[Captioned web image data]

◆ ◆ ◆ ◆ ◆ ◆ ◆

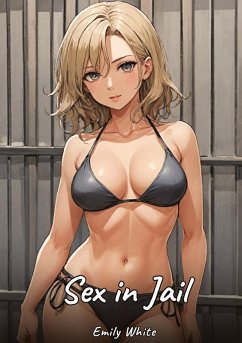 Cover Sex in Jail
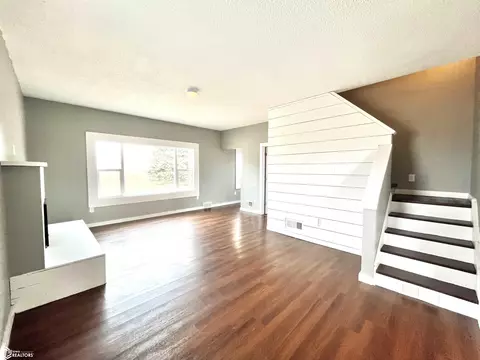 72273 Jackson Rd, Wiota, IA 50274 photo 17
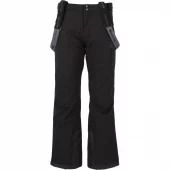 Whistler Gippslang M Functional Ski Pants W-Pro 15000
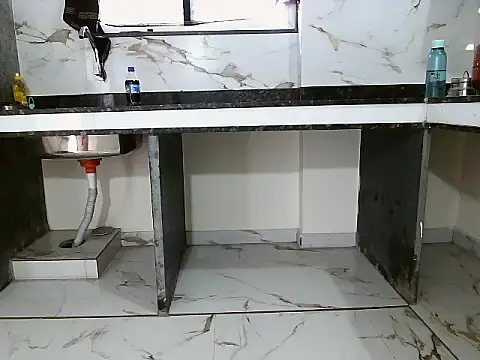 Miss Sanika online show from 11, 3, 2026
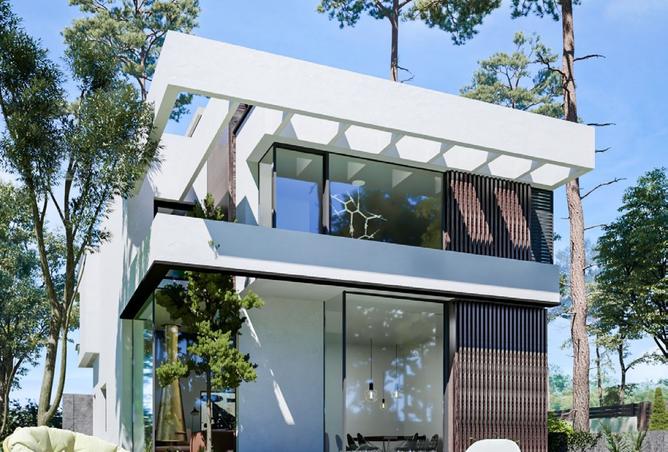 8297929 - Property Image 3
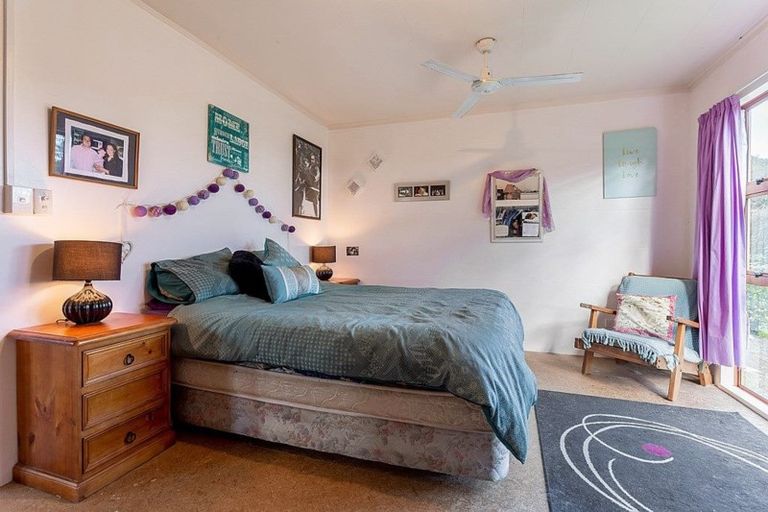 Photo of property in 380 Fryer Road, Kaitaia, 0481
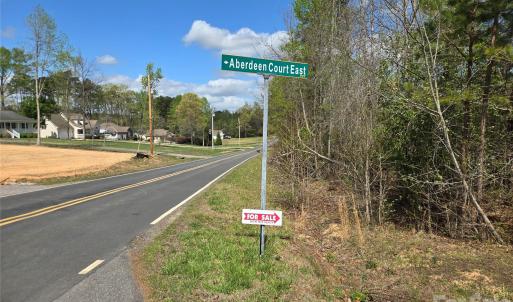 Photo #22 of 286 Aberdeen, Badin Lake, NC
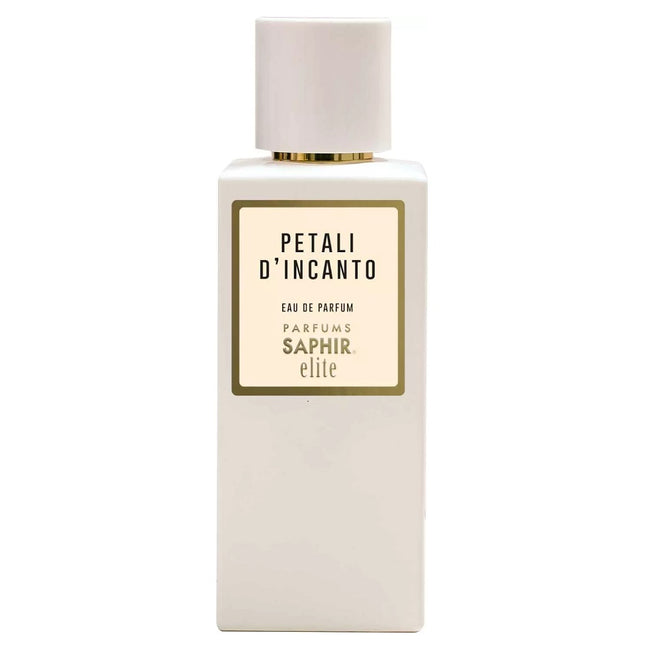 Saphir Elite Petali D'Incanto woda perfumowana spray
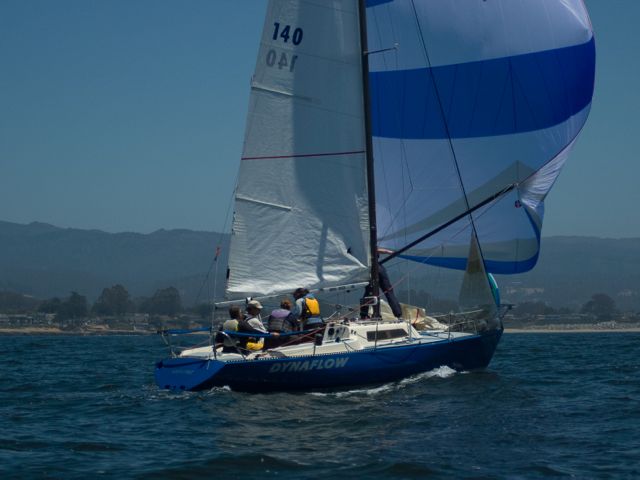 DSC_0102-2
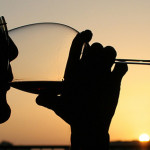 getting old less hangovers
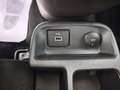 Ford Transit Connect Kombi 1.5 TDCi 74kW Active 230 L2 Blanco - thumbnail 24
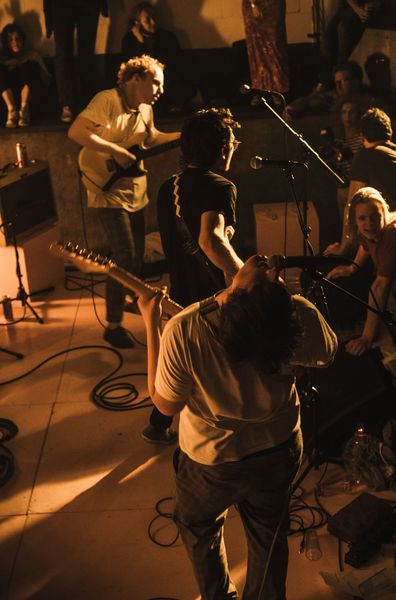 JSP20180504_CANSHAKER_PI_SKATECAFE_006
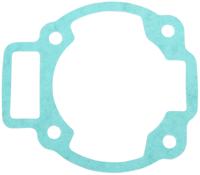 ATHENA Cilindervoet pakking cylinder base gasket 0.4 - thumbnail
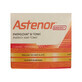 Packung Astenor Energy + Astenor Perform, 20 Fl&#228;schchen + 16 Beutel, Biessen Pharma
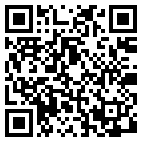 QR Code for Trigild in San Diego, CA 92121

◆ ◆ ◆ ◆ ◆ ◆ ◆

The lines from the one containing "72273 Jackson Rd, Wiota, IA 50274 photo 17" through the end of the data above are to be copied exactly, both ends included, and pictures are to be omitted.

__Output for this task__
 72273 Jackson Rd, Wiota, IA 50274 photo 17
 Whistler Gippslang M Functional Ski Pants W-Pro 15000
 Miss Sanika online show from 11, 3, 2026
 8297929 - Property Image 3
 Photo of property in 380 Fryer Road, Kaitaia, 0481
 Photo #22 of 286 Aberdeen, Badin Lake, NC
 Saphir Elite Petali D'Incanto woda perfumowana spray
 DSC_0102-2
 getting old less hangovers
 Ford Transit Connect Kombi 1.5 TDCi 74kW Active 230 L2 Blanco - thumbnail 24
 JSP20180504_CANSHAKER_PI_SKATECAFE_006
 ATHENA Cilindervoet pakking cylinder base gasket 0.4 - thumbnail
 Packung Astenor Energy + Astenor Perform, 20 Fl&#228;schchen + 16 Beutel, Biessen Pharma
 QR Code for Trigild in San Diego, CA 92121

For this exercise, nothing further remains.